The first incarnation of this film was way too close to the bone, and then close to the bone didn’t make sense for a better film. You keep making these choices for craft that you’re like, Oh, but what if he was actually this guy? What if the nemesis was their colleague? Then suddenly it builds on itself, and every element takes a new shape that’s in service of a capital-M movie. The truth no longer matters. The truth no longer exists.

If anything, it gets in the way.

One hundred percent. What remains is a kernel of this larger statement you were making. I think for me, it was about your ambition destroying you, the life you build becoming a prison. The life you scheme and fight for, building your own prison basically, which is, I think, kind of also what happened to Iran in kicking out the shah and ushering in Khomeini.

That’s the kernel of truth. Then all the elements change, and now it’s no longer really a story about my family as much as it is this feeling I had that was inspired by my family.

Are you going to be in either of the two movies that you’re writing?
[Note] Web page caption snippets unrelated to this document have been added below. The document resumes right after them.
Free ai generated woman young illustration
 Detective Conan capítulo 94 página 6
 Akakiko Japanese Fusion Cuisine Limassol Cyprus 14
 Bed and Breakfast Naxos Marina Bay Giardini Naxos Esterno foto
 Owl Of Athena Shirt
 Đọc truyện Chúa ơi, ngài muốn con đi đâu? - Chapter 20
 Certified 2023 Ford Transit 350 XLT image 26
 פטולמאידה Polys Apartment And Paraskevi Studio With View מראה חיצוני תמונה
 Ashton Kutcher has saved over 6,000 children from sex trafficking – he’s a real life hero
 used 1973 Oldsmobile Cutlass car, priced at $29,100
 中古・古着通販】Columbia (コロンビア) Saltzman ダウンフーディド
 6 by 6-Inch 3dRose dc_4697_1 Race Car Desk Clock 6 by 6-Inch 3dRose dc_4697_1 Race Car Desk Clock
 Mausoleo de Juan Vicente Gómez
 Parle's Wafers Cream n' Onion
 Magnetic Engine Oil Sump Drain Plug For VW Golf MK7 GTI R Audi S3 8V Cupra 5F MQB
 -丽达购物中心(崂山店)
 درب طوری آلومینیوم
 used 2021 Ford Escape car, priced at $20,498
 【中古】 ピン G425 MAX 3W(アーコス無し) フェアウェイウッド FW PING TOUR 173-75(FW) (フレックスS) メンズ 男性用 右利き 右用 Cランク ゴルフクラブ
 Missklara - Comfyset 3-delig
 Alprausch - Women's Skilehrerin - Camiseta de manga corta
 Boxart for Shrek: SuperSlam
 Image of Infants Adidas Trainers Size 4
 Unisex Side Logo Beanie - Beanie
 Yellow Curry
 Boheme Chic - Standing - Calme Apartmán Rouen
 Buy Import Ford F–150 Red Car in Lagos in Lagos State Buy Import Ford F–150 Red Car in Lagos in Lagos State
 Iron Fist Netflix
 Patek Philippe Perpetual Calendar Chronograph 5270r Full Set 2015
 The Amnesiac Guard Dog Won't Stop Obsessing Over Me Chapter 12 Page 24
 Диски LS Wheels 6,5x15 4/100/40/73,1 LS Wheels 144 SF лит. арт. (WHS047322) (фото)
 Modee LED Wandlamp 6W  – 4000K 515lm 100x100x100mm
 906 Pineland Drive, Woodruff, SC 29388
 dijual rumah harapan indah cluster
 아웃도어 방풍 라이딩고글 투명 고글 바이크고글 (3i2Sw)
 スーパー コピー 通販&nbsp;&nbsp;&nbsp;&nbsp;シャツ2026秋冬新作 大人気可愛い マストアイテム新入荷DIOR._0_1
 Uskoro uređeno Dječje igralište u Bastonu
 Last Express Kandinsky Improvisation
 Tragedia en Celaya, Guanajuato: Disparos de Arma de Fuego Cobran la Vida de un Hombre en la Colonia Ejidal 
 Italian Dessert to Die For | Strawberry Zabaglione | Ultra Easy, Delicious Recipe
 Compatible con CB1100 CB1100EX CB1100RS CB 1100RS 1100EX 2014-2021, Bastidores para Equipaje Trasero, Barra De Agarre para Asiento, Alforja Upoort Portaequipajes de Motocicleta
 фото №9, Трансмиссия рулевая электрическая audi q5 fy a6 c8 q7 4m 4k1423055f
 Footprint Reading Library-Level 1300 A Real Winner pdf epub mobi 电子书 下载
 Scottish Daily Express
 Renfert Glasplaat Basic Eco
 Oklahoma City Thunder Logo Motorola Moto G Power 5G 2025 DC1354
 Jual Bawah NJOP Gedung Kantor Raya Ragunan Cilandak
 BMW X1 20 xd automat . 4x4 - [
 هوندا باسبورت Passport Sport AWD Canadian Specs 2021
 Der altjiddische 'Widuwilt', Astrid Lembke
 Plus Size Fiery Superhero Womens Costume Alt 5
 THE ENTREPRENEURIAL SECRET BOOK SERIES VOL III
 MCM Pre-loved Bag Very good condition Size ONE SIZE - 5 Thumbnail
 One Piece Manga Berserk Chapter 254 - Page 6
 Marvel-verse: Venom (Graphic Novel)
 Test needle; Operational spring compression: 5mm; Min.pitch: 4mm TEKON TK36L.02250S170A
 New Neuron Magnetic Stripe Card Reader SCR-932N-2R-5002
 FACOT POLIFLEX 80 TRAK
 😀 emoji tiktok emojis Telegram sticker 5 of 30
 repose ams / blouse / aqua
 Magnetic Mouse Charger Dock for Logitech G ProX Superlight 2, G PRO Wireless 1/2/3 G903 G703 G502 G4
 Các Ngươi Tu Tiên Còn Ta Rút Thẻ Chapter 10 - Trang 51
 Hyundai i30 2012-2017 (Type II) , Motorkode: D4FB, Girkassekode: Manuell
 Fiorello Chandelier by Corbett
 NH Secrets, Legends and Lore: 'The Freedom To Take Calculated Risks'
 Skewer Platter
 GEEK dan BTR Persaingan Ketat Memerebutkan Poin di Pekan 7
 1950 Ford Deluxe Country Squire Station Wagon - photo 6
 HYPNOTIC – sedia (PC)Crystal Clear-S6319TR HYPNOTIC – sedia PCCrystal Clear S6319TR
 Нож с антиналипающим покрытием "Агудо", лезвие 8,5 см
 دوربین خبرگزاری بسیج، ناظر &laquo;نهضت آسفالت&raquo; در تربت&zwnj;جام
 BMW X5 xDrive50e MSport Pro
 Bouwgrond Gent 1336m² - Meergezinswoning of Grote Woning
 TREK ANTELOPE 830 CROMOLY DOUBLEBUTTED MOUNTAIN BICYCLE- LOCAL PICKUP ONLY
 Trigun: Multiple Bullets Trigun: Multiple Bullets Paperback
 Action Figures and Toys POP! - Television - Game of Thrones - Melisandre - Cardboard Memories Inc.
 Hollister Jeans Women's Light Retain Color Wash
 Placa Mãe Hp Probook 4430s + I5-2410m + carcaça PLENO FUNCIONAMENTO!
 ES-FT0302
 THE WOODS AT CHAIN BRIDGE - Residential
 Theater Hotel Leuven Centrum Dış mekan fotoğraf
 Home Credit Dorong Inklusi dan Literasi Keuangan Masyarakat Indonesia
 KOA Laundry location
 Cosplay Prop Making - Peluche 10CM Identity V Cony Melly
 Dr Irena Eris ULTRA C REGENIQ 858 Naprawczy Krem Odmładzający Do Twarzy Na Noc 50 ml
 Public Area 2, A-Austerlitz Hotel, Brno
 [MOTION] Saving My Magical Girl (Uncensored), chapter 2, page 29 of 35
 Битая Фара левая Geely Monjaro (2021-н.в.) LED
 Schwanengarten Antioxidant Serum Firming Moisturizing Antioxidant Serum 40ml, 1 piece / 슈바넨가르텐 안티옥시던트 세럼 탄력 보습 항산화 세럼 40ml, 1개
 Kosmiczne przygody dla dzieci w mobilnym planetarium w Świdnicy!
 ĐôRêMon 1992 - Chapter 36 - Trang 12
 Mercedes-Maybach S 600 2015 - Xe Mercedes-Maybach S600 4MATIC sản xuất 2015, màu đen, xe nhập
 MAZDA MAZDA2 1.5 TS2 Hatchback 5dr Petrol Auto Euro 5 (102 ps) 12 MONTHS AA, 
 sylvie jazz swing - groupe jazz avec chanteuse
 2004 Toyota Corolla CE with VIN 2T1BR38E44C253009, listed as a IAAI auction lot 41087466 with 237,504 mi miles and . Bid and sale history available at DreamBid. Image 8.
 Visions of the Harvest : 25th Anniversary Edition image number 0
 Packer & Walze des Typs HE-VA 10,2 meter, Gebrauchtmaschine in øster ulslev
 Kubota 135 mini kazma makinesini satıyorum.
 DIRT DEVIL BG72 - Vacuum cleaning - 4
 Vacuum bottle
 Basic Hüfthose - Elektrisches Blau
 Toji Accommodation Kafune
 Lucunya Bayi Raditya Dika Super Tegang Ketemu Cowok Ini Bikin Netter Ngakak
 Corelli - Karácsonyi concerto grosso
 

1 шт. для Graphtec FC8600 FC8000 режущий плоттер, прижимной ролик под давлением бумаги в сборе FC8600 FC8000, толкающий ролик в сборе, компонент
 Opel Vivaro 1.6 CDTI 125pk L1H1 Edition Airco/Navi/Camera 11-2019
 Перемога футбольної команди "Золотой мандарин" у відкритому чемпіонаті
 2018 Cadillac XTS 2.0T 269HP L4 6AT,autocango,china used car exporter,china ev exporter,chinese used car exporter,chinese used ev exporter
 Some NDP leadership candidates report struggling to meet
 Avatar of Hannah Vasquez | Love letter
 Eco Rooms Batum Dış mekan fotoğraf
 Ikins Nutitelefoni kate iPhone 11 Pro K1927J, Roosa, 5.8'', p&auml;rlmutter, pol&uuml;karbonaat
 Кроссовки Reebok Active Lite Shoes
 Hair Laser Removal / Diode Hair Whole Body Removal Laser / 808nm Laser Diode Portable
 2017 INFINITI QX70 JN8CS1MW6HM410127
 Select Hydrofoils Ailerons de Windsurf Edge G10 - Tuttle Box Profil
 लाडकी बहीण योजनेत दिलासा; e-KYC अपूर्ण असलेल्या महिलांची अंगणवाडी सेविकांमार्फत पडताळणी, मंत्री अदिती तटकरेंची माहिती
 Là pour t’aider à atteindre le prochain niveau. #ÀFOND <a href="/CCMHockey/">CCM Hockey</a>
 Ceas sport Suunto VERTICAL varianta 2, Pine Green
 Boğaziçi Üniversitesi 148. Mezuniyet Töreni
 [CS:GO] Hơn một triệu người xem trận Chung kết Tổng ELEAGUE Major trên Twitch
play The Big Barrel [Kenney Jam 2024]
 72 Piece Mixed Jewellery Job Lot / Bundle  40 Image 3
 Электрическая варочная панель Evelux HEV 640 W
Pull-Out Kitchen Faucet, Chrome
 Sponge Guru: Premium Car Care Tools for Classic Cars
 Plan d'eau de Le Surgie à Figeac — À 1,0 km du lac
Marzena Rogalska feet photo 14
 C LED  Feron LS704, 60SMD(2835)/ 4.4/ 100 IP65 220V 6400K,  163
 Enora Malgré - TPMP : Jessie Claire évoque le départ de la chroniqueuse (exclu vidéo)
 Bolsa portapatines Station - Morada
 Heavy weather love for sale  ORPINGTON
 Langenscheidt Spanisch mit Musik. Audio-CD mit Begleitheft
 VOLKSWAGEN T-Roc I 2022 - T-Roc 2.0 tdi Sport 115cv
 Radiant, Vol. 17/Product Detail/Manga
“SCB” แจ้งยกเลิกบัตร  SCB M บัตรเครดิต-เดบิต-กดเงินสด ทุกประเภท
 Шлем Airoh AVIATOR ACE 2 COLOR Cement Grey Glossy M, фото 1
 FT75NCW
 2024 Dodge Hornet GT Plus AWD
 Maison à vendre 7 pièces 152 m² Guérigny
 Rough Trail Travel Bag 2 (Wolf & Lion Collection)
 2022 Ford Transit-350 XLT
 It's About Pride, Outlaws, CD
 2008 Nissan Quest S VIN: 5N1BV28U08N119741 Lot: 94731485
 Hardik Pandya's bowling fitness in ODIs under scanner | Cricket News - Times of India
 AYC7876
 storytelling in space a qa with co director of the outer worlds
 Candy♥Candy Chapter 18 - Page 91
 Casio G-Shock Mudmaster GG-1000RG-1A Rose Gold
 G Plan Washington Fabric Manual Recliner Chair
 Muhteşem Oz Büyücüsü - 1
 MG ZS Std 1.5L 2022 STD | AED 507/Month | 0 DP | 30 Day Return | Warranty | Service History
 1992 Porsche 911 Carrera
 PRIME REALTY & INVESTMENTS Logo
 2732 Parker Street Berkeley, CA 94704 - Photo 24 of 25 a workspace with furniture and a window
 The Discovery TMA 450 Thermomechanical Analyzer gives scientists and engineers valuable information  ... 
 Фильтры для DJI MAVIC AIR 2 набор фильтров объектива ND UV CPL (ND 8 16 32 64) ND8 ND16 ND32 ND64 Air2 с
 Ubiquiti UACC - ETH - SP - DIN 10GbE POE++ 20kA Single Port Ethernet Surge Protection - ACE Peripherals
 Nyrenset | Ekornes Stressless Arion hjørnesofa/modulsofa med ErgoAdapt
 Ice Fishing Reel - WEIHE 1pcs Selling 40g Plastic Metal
You should hire real actors, is the thing that my 30s has taught me. I’m really excited to hire real actors to do real acting. I think it worked well for me for a little while to be in my own stuff. I had a good time, but I’ve also had many years of working with great people. After you’ve seen Jean Smart in Hacks doing her thing, you’re kind of like, “All right, maybe there’s a reason we hire professionals.” And it’s so awe inspiring to be able to hand the reins off.

I think you’re being too hard on yourself! But tell me more about the rom-com. What else do you know about it that can be shared?

It’s about two women, so it’s gay, and they’re both in their late 30s, and they’ve both just had a lot of failure. And it’s a lot about this stage of life, of picking yourself up. How are you going to let this failure change you? And are you going to let it cripple you? And also, what are you going to do with your broken heart? How is it going to regenerate for the next phase of your life is the question I’ve been asking myself.

So, you’re making a movie about falling in love, but you’re not in love right now?

When I first conceived it, I was falling in love. And it’s interesting writing it now that it didn’t work out. It’s been a really brutal journey of typing through tears. And it’s great, because it actually focuses you and gives you this motivation to be like, “Yeah, I want to take these feelings and harness it into something creative.”

It’s funny, I read Nora Ephron’s novel Heartburn recently, and it was really comforting, because I was like, “Oh, she was my age when her husband cheated on her and her marriage collapsed.” And, yeah, it was her second marriage and she was super-pregnant and it just sucked. And yet she got her shit together. And I think sometimes maybe you have to do it wrong all the ways before you can do it right. And that’s what I keep telling myself.